Von absoluten Mehrheiten können die Volksparteien, oder auch ehemaligen Volksparteien, heute nur träumen.

Da bin ich mir nicht so sicher. Sicher, im Augenblick sind beide Volksparteien von absoluten Mehrheiten weit entfernt. Aber auch in der Vergangenheit waren diese nicht der Regelfall und ich könnte mir vorstellen, dass es eines Tages diese Konstellationen auch wieder geben könnte.

Ihre eigene Partei hat gerade eine wichtige Weichenstellung getroffen. Hat Annegret Kramp-Karrenbauer eigentlich die Wahl gewonnen, oder hat Friedrich Merz sie verloren?

Natürlich hat Kramp-Karrenbauer die Wahl gewonnen. Schon deswegen, weil der Zweitplatzierte Merz ebenfalls sehr beachtlich abgeschnitten hat. In diesem Fall ist es ganz eindeutig, Kramp-Karrenbauer hat mit einem knappen Vorsprung gewonnen.

Es gab einige Beobachter, die sagten, dass Merz die Abstimmung in seiner Vorstellungsrede verloren habe.

Merz war ein hochachtbarer Kandidat. Er hat in den Vorstellungsrunden in der ein oder anderen Frage Positionen bezogen, die deutlich gemacht haben, dass er lange nicht mehr in der Mitte der Partei gelebt hat. Und er hat zu meiner Überraschung nicht die Beste, sondern nur die zweitbeste Rede auf dem Parteitag gehalten. Beides zusammen hat wohl den Ausschlag gegeben.

Aljoscha Kertesz und Bernhard Vogel (c) privat

Hat sich die Partei nicht in den letzten Jahren so stark geändert, dass Merz beim Delegiertenapparat von vornherein keine Chance hatte?

Nein, sonst hätte er nicht so viele Stimmen bekommen. Er hatte eine Chance und er hat sie knapp verfehlt.

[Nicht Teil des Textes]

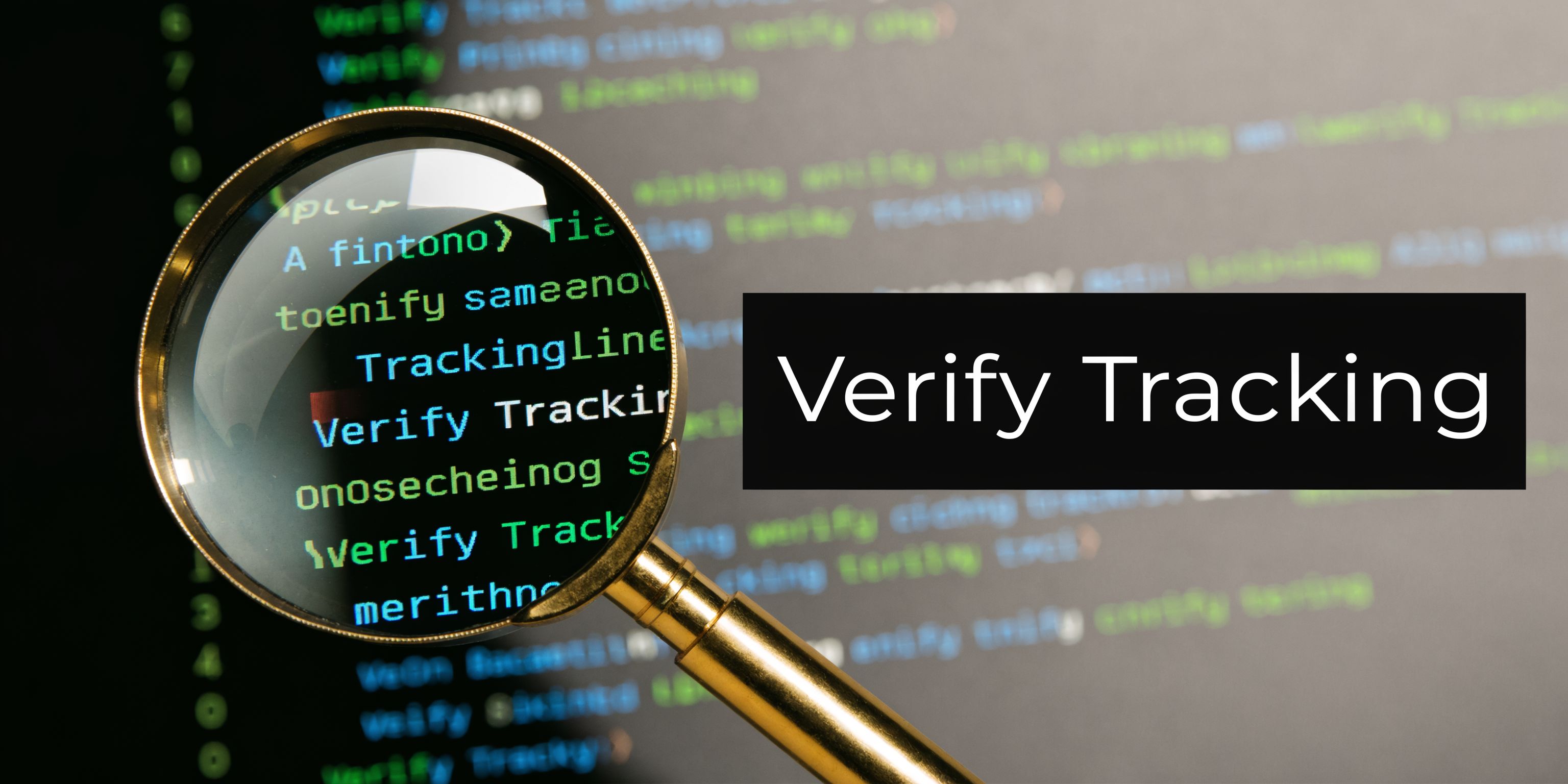 A magnifying glass focusing on computer code on a screen with the overlay text Verify Tracking.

Aber hat sich die Partei in den letzten Jahren nicht so stark gewandelt, dass seine Wahl eher eine Überraschung gewesen wäre? Eine Sozialdemokratisierung der CDU ist durchaus festzustellen.

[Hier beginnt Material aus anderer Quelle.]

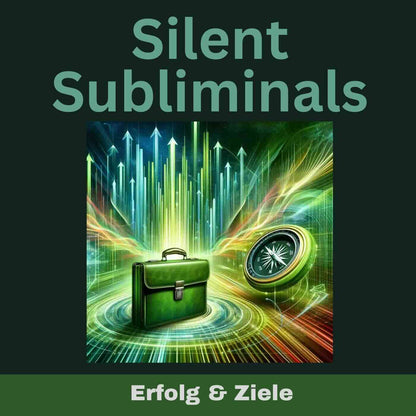 Silent Subliminals und Affirmationen - Erfolg und Ziele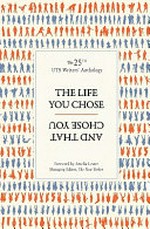 The life you chose and that chose you : the 25th UTS Writers' anthology / foreword by Amelia Lester ; [editors, Kate Butler ... [et al.]].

Was Sie Sozialdemokratisierung nennen, nenne ich Preis der großen Koalition, in der man sich selbstverständlich und logischerweise in der Mitte trifft. Dann zeigt man nicht die scharfe Kante, die man gerne zeigen würde, und in der Vergangenheit auch gezeigt hat, wenn die eine Volkspartei regiert hat und die andere eine tatkräftige Opposition geboten hat. Wenn das nicht der Fall ist, dann trifft man sich selbstverständlich in der Mitte und kann das eigene Profil nicht so deutlich artikulieren, wie wenn man nicht an einen Koalitionsvertrag gebunden ist.

Die politische Mitte ist bekanntermaßen ein begehrter Platz. Die FDP beansprucht ihn traditionell für sich, SPD und CDU sind aus den jeweiligen Richtungen in die Mitte gewandert und auch die Grünen unter Robert Habeck scheinen es sich hier bequem zu machen. Muss die CDU dann nicht ein Stück weit wieder nach rechts wandern, um dauerhaft erfolgreich zu sein?

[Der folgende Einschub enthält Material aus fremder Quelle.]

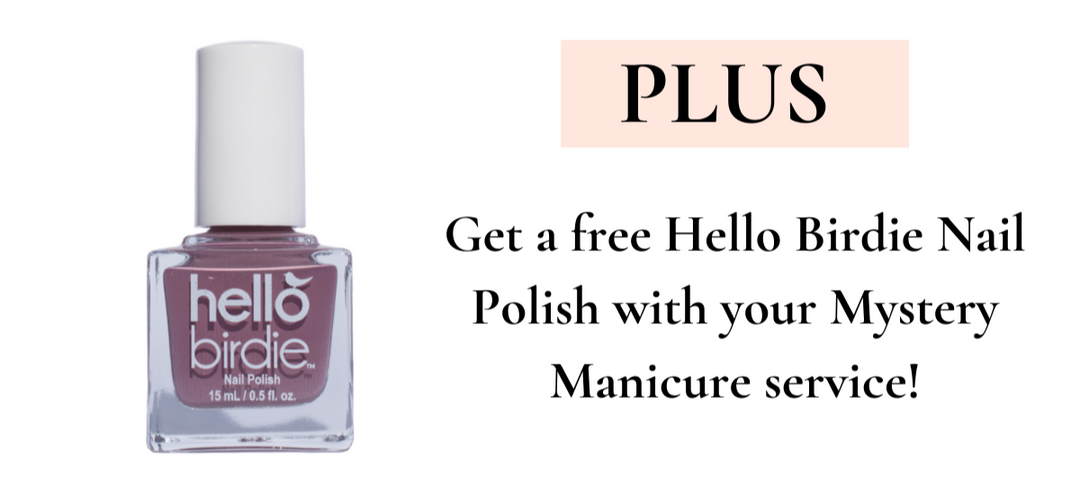 Hello Birdie Nail Polish on with logo printed on a glass cube bottle and white cap.  Caption reads "Plus Get a free Hello Birdie Nail Polish with your Mystery Manicure Service!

Von diesen Wanderungstheorien mancher Journalisten halte ich nicht viel. Die Glaubwürdigkeit steht infrage. Und die Glaubwürdigkeit der CDU beruht auf dem Bekenntnis zu ihren Wurzeln: christlich-sozial, freiheitlich-liberal und wertkonservativ. Und ich habe etwas dagegen, wenn man verlangt: Im Herbst müssen wir etwas konservativer und im Frühling etwas liberaler sein. Nein, wir müssen uns zu unseren Wurzeln bekennen, mit denen wir überraschenderweise seit 70 Jahre alles in allem erfolgreich gewesen sind. Von dieser Vorstellung, wir müssten weiter nach rechts rücken, halte ich schon deswegen nichts, weil wir dann in der Mitte doppelt so viel verlieren, wie wir weiter rechts gewinnen.

Das Konservative kam aber in den letzten Jahren in Ihrer Partei zu kurz.

Da muss man zunächst klären, was konservativ bedeutet. Konservativ kann sehr fortschrittlich sein, konservativ kann reaktionär sein. Und in der politischen Diskussion erleben wir gegenwärtig beides. Für mich heißt konservativ: Prüfe das Neue, ob es besser ist als das Alte, und prüfe das Alte, ob es mehr taugt als das Neue. Entscheide danach, und nicht nach der Forderung populistischer Redner, die öfter mal etwas Neues verlangen. Das ist keine Grundlage einer soliden Politik.

In gesellschaftspolitischen Fragen scheint Kramp-Karrenbauer konservativer zu sein als Angela Merkel.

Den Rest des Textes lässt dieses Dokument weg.